Graph Product Multilayer Networks: Spectral Properties and Applications

TL;DR

This paper develops the theoretical spectral properties of graph product multilayer networks (GPMNs) and explores their applications in epidemic modeling, propagation analysis, and higher-order network properties.

Contribution

It introduces a unified spectral framework for GPMNs derived from various graph products, extending to nonsimple and generalized cases.

Findings

Spectral relationships between GPMNs and factor networks established.

Applications demonstrated in epidemic threshold prediction.

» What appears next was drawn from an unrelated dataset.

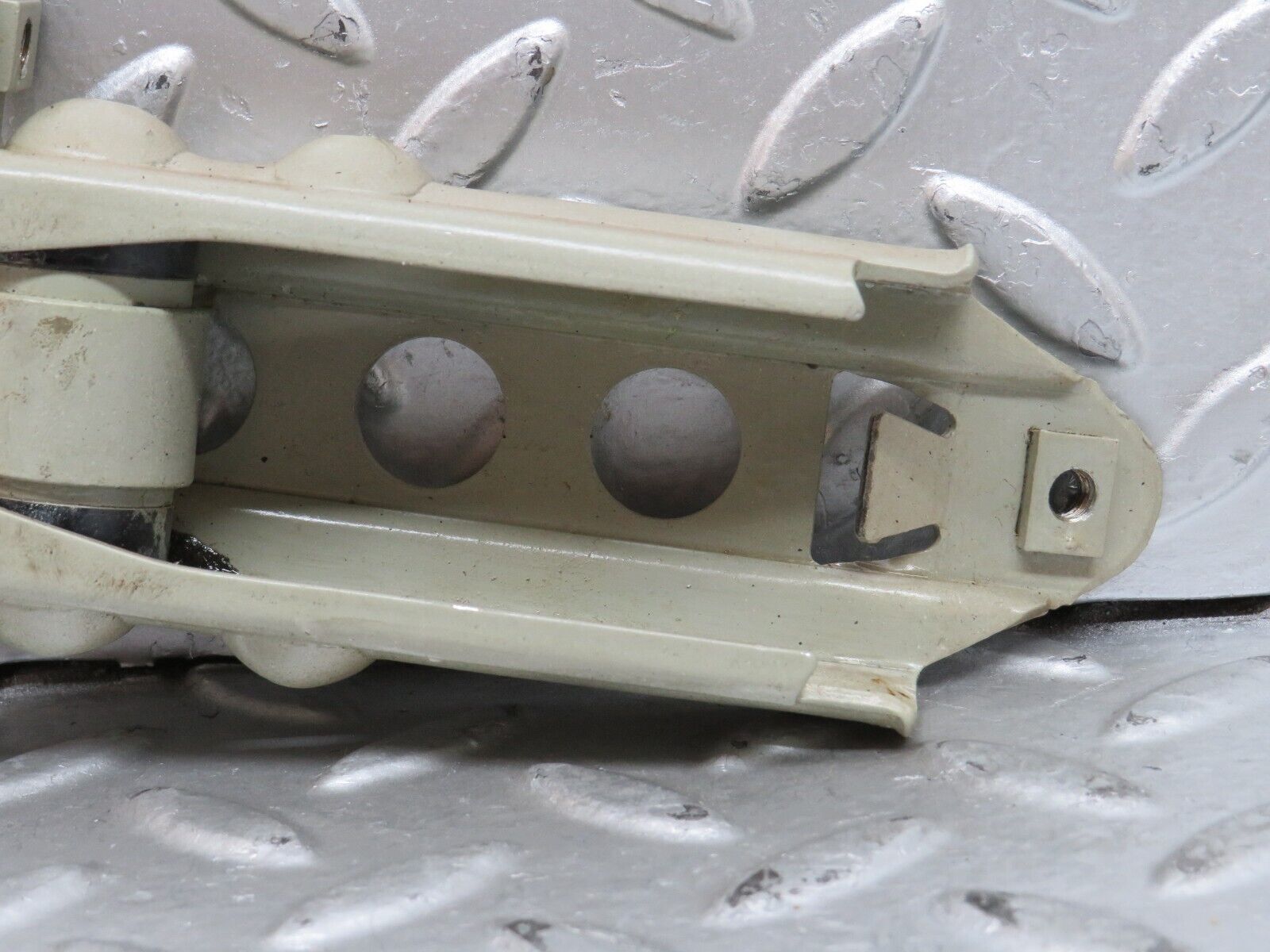 28509 Mercedes-Benz S123 240D Wagon Door Safety Check Strap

Analysis of propagation and self-similar network properties.

Abstract

This paper aims to establish theoretical foundations of graph product multilayer networks (GPMNs), a family of multilayer networks that can be obtained as a graph product of two or more factor networks. Cartesian, direct (tensor), and strong product operators are considered, and then generalized. We first describe mathematical relationships between GPMNs and their factor networks regarding their degree/strength, adjacency, and Laplacian spectra, and then show that those relationships can still hold for nonsimple and generalized GPMNs. Applications of GPMNs are discussed in three areas: predicting epidemic thresholds, modeling propagation in nontrivial space and time, and analyzing higher-order properties of self-similar networks. Directions of future research are also discussed.